Thursday, January 31, 2008

Hopeful Experience/Experiential Hope

The Kennedy clan's recent endorsement of Barack Obama has the press likening Obamamania to a new Camelot. Obama's beautiful rhetorical abilities leave many of those left of center (and some right of center) swooning over a perceived ability to "bring the country together".

JFK asked us to think not of what our country could do for us, but what we could do for our country. He represented a trans-partisan coalescing of the American Ideal . . . or is it represents?

No, I wasn't around for JFK. I am not able to give a first-hand account the 1960s fabric of America. But wasn't this the age of police turning dogs and fire-hoses on American citizens? If Americans were truly brought together by JFK's message of hope, why was the election of 1960 so agonizingly close?

The truth is that while America may be existentially polarized today, it was certainly civically polarized in 1960. For us JFK represented something transcendent for America, but the hard psychological truth may just be that it is only what could have been that we long for, not what was.
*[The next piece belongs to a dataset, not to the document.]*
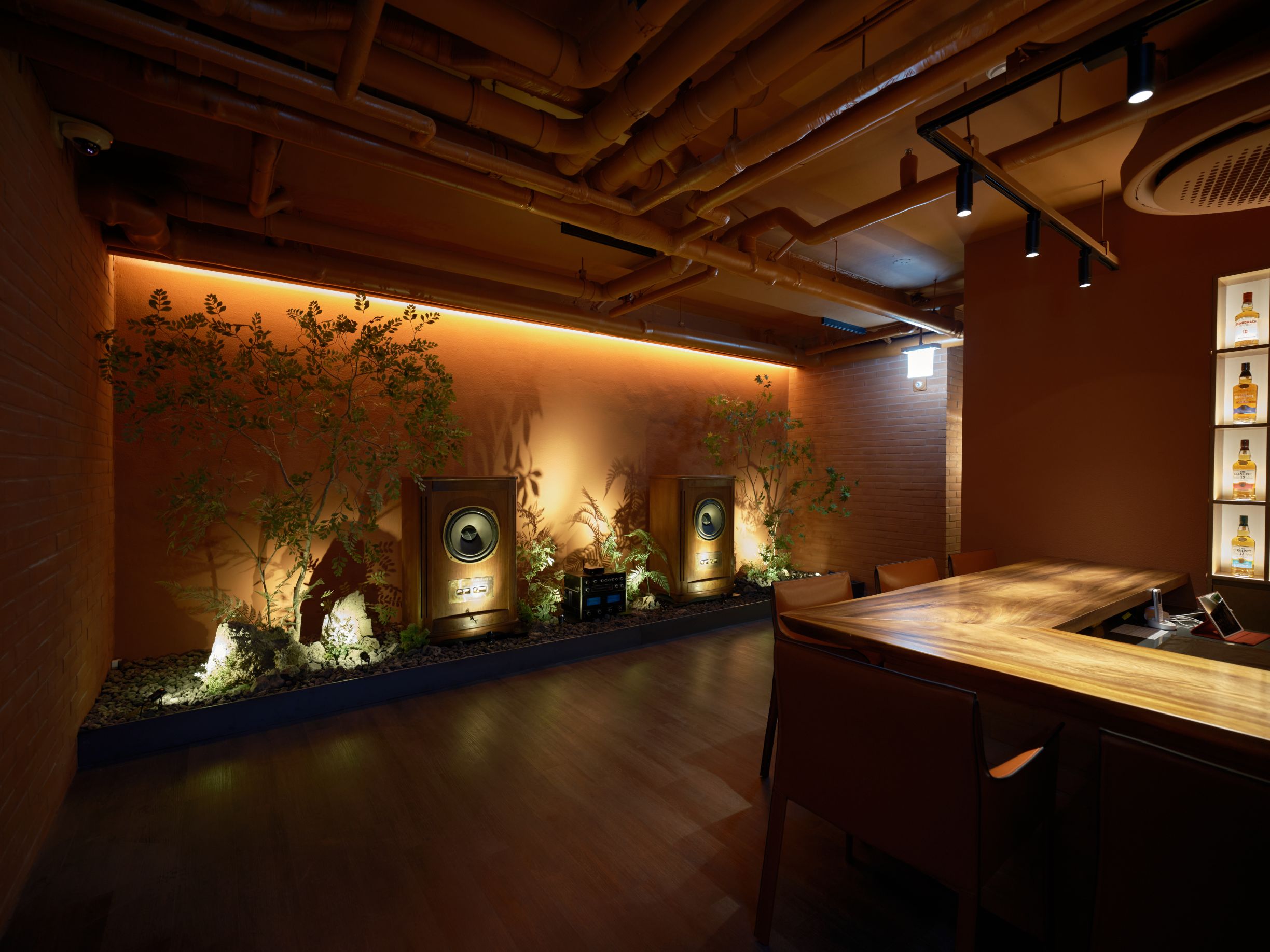 A modern bar area with a wooden counter, two large speakers, and a wall-mounted plant display.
Dallas tragically took care of that.

Hillary Clinton was roundly pilloried for her assertion that it took LBJ for America to realize Martin Luther King's dream. But it was in the end LBJ, the uncharismatic technocratic former congressman, who saw America through its civic crisis of the 60s. Kennedy for some then, and for many more now, represented hope, but the historical change came in a different form.
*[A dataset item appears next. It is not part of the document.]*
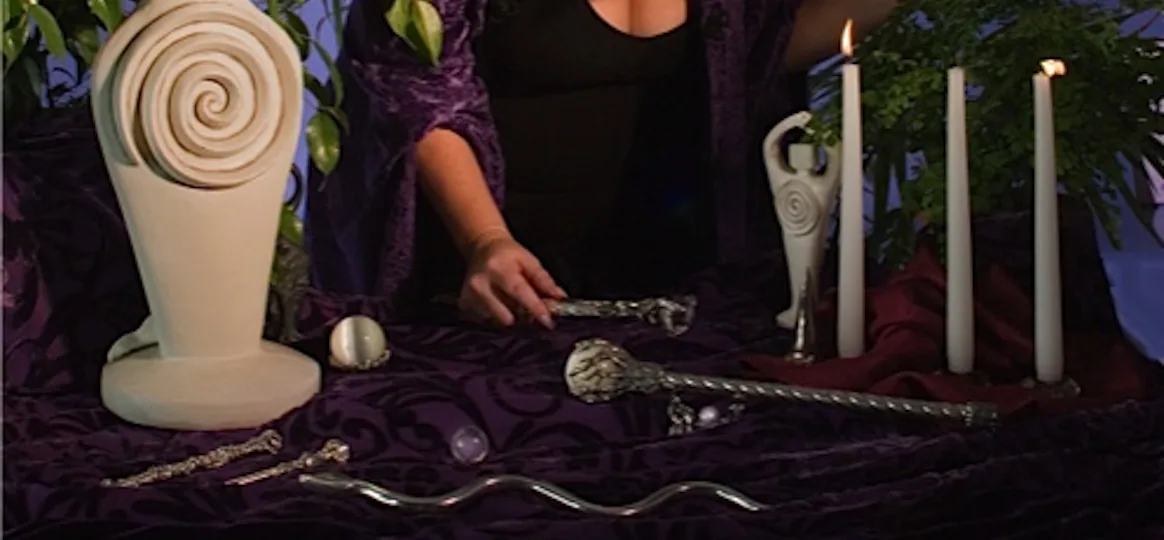An altar with spiral goddess statues, candles, a crystal ball and Willowroot pewter wands on purple velvet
Perhaps this is simply a message for the cynical. But even the most clearheaded and logical have profound political differences. Is it possible for America to truly come together? And if so, what banner could we possibly all share?
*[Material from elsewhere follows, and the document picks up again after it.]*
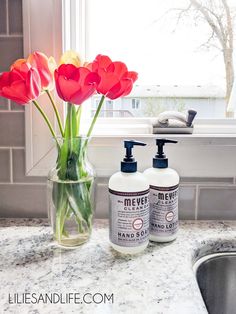 red tulips in a vase next to two bottles of hand soap on a kitchen counter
I seem to have hit a little on something.

Wednesday, January 30, 2008

Economic History (hidden behind controversy)

A recent George Soros op-ed in the Financial Times warned the world of an impending financial crisis, the worst since WWII.

This spawned a flurry of repudiations from market fundamentalists - the true believers.

I have yet to see any economists take on the Soros article. I would be willing to bet some real money (albeit, grad student money) that the outlook is not necessarily so bleak. But this isn't the point I'm trying to make.

As the basis for Soros' article is the historical assertion that the financial crises of the last 70 years have been corrected not by the Market (big M), but by governmental regulatory intervention. He goes on to say that it is the intervention that is artificially keeping us afloat, but it is intervention nonetheless that has saved our economy from collapse.

Intervention. Not the Market itself.

Market fundamentalism is the dogged belief that the market is an animal that, unleashed into the wild, unfettered by constraint, will find true harmony. It's the scientific recounting of the age old liberal theory (careful, not Liberal) that the greater good is served by pursuit of self-interest embodied in property. This medievalized dogmatic belief found its age of reason in Free Market economic theory and has since become the religion of America, with Republicans as true believers and Democrats as lapsed agnostics.

Soros is pointing out the agnostic realism of history. We need government, and as is evidenced by our current financial crisis, governmental regulation in order for our "free market" to work. Is this then a planned economy, socialism behind the sheen of capitalism? The question is just political semantics. This is economic/political/social reality.

There has never been a perfect "free market" society. Locke's original man, living happily consuming the fruits of his own labor, is simply a creative myth. Market fundamentalists might be better served politically by dropping the rhetoric, taking a hard look at history, and inserting a little agnosticism into their lives.